■ **EXERCISE INSTRUCTIONS**
Give the records below again in full, exactly as written, but without any images.
::: DATA SHOWN
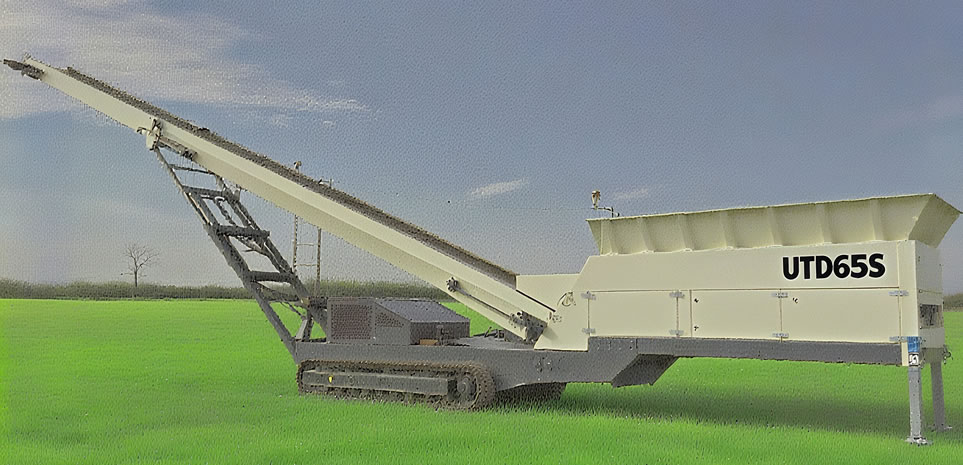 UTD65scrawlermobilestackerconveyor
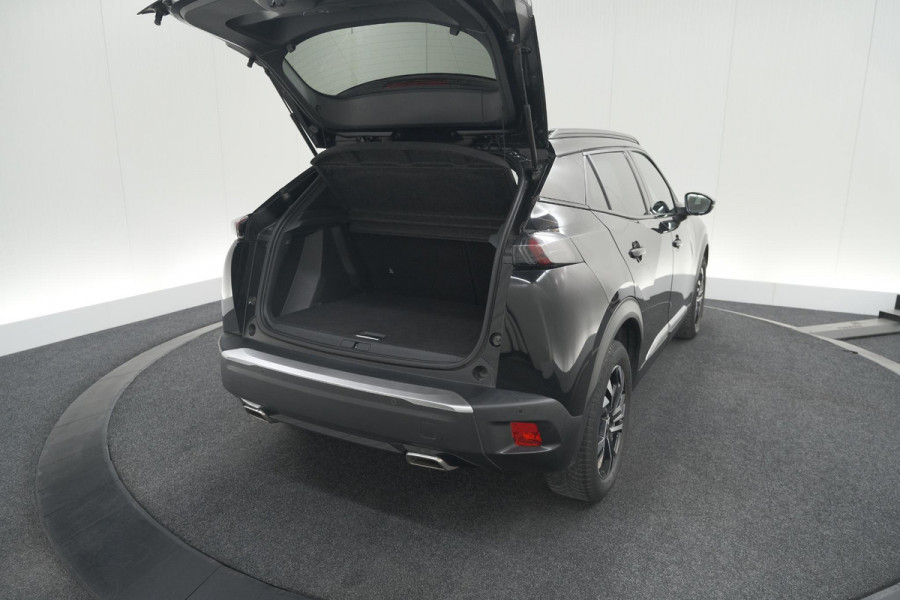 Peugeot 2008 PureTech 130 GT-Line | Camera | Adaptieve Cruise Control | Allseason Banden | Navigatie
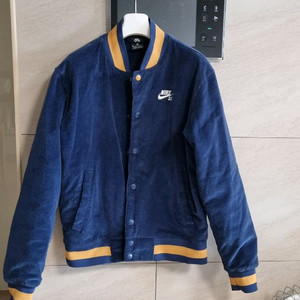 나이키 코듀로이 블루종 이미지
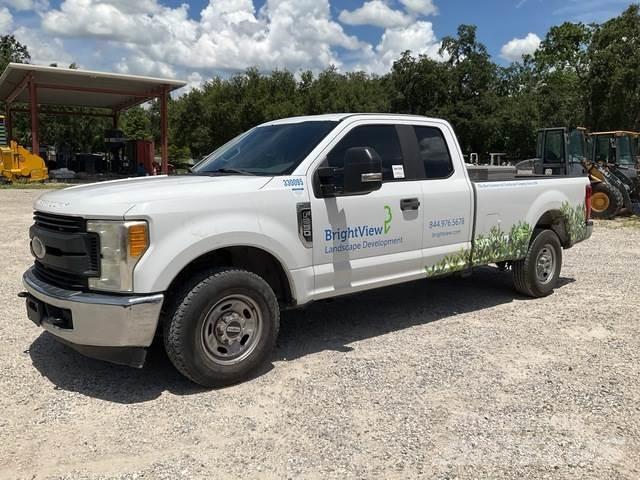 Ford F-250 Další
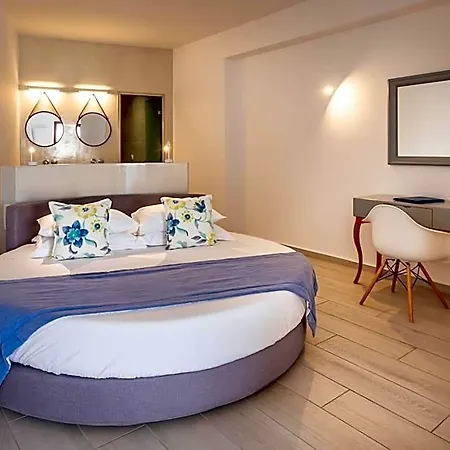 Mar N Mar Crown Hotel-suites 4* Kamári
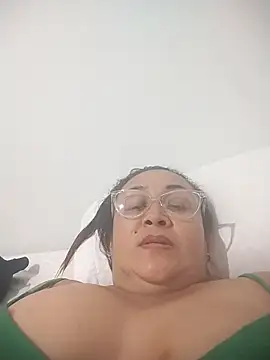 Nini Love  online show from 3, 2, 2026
::::::
■ **WRITTEN RESPONSE**
 UTD65scrawlermobilestackerconveyor
 Peugeot 2008 PureTech 130 GT-Line | Camera | Adaptieve Cruise Control | Allseason Banden | Navigatie
 나이키 코듀로이 블루종 이미지
 Ford F-250 Další
 Mar N Mar Crown Hotel-suites 4* Kamári
 Nini Love  online show from 3, 2, 2026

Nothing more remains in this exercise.